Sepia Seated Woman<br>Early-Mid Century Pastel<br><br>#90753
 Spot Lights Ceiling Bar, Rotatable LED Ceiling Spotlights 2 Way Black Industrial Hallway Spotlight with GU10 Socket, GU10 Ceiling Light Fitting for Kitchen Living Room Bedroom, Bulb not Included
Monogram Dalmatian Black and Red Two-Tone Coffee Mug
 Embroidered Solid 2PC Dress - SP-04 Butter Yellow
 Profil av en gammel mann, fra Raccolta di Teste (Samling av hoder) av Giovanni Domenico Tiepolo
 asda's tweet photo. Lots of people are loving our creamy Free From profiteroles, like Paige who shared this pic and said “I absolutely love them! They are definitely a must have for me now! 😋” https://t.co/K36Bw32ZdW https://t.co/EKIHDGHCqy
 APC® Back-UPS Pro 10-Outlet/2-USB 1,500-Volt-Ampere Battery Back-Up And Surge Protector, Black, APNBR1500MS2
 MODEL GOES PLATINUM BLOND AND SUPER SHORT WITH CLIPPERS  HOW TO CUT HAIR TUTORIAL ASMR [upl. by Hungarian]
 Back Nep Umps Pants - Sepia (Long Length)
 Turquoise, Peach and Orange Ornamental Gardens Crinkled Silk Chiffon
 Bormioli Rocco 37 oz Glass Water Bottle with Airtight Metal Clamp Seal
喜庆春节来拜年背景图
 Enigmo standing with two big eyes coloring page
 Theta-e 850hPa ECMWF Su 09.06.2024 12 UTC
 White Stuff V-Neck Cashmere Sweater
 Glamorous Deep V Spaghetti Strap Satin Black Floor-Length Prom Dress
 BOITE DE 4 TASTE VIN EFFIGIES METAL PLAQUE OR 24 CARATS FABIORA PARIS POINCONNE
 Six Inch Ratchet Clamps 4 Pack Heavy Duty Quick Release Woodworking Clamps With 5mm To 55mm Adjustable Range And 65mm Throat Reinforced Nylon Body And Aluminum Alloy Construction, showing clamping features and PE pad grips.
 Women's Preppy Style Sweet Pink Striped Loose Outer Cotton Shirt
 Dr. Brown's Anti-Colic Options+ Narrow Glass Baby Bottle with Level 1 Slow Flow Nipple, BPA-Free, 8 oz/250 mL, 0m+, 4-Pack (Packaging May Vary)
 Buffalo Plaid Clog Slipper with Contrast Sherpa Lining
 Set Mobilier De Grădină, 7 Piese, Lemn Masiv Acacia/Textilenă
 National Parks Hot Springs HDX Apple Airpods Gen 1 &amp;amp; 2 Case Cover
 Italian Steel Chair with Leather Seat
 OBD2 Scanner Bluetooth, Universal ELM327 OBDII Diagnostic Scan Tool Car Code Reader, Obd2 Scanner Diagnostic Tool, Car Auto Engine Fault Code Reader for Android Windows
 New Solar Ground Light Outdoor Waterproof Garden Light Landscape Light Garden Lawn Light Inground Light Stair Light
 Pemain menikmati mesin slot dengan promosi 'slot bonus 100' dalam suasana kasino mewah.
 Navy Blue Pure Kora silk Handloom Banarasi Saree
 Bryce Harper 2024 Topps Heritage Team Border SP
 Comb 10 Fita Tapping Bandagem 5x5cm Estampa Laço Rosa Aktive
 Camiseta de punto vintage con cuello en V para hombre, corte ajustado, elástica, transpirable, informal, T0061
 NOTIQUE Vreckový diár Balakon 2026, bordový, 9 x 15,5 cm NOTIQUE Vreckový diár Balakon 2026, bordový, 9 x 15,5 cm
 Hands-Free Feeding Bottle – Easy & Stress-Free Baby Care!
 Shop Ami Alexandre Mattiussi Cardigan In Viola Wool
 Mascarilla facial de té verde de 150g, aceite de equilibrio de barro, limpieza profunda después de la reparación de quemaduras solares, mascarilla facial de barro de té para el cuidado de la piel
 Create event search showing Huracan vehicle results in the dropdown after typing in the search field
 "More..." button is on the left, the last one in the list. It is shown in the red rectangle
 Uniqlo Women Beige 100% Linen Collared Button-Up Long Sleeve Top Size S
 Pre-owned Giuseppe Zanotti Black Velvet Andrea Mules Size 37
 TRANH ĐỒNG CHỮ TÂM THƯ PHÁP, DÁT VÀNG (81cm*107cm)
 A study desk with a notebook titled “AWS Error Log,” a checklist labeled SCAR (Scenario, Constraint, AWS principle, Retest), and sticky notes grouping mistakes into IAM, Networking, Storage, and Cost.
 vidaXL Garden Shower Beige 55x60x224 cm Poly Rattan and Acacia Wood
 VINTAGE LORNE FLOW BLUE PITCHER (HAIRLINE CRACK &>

####

▶ _Exercise_: If a line of the data contains "Back", copy it out.

▶ _Response below_:
 APC® Back-UPS Pro 10-Outlet/2-USB 1,500-Volt-Ampere Battery Back-Up And Surge Protector, Black, APNBR1500MS2
 Back Nep Umps Pants - Sepia (Long Length)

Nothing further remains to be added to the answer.